Commencement exercises were held on a beautiful sunny Saturday morning, but now Alumni Weekend looms. This week a delivery truck pulled up to the greenhouse and unloaded racks and racks of annual plants: blue salvia, red salvia, yummy yellow and orange lantana, dragon wing begonias, multi-colored coleus and sweet potato vines.
Flats of annuals fill the greenhouse.
Rain and cool temperatures meant a chilly spring for Haverford. But now, in anticipation of warmer weather, the Arboretum crew is going full steam ahead. In the next few days, annual plants will replace the spent spring-blooming bulbs. Look for bright blooms to fill containers and planting beds around campus. Summer must be just around the corner.
Summer student worker Noah Jacobson-Carroll ’18 plants dragon wing begonias around a banana tree in one of the Coop patio containers.
– Martha Van Artsdalen, plant curator
Dave Tierney mows Commencement Green.
The rain has (almost) gone away, the campus is looking very beautiful and green, and college staff are busy setting up for Commencement 2016 this Saturday, May 14. While cool temperatures have kept blooms on tulips at the Lancaster Avenue entrance, recent rainy days have made mowing the Commencement area in front of Roberts Hall a challenge.

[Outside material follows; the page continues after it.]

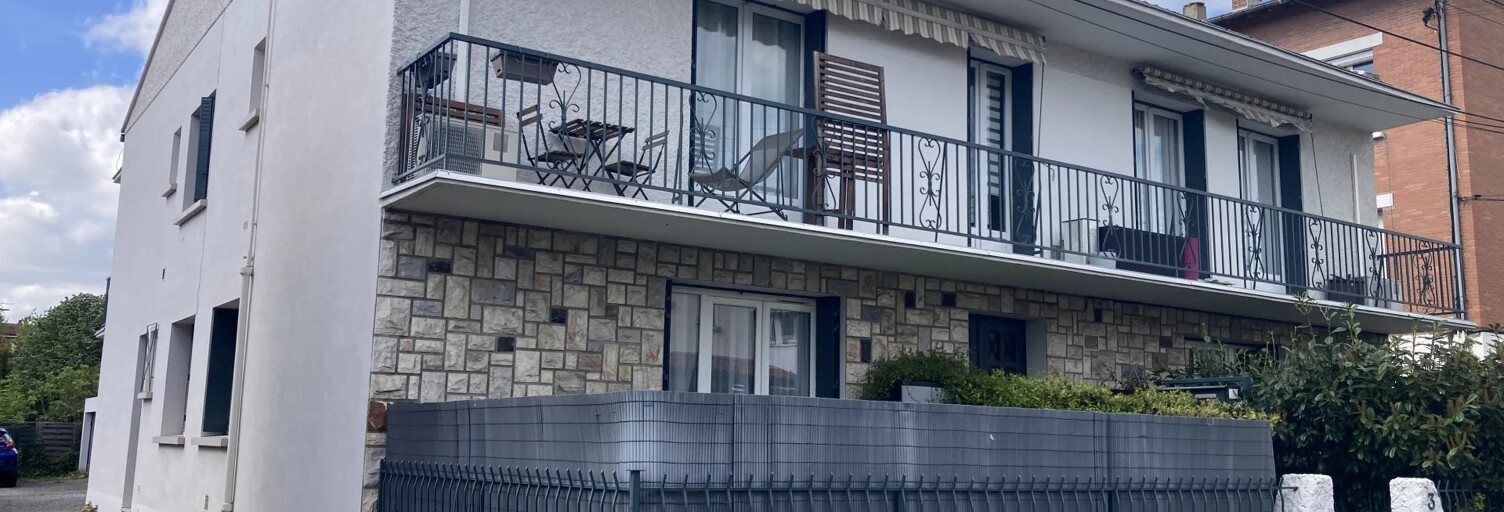 Appartement 2 Pièces 57 m² à vendre à Toulouse (31400)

Carol Wagner tackles weeds.
Last minute work includes mulching tree rings, planting containers with flowers, and, unfortunately removing a dead and hazardous English oak tree by Lloyd Hall.
A crane and crew remove the dead English oak by Lloyd.

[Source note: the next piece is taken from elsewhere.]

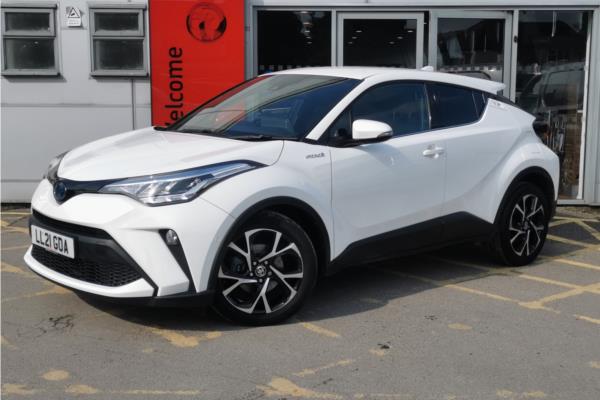 Non Franchise 2021 Toyota C-HR 1.8 VVT-h GPF Design SUV 5dr Petrol Hybrid CVT Euro 6 (s/s) (122 ps) - Fabic - Cloth, photo 4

Everyone has fingers crossed that the sun will shine Saturday morning as we wish the Class of 2016 a fabulous future ahead.
Martha Van Artsdalen, plant curator
Cows once grazed on today’s athletic fields. Class teams in the 1890s raced each other on wooden bobsleds down the hill below Barclay Hall. In the 1950s, the public paid 25 cents to skate on the frozen pond to music piped through a set of loud speakers.

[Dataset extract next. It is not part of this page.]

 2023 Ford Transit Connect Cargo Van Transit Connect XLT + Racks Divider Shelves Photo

Generations have used the campus of Haverford College in many ways. Now a book captures the history of this landscape using photographs from the college’s Quaker & Special Collections. Images of America: Haverford College Arboretum tells the story of how 200 acres of farm fields evolved into today’s campus of majestic trees, the 2.2-mile Nature Trail and the Duck Pond. Photographs capture the barn on fire in 1922, long-gone gardens, a football game in the 1920s and students cleaning out the pond in the 1950s.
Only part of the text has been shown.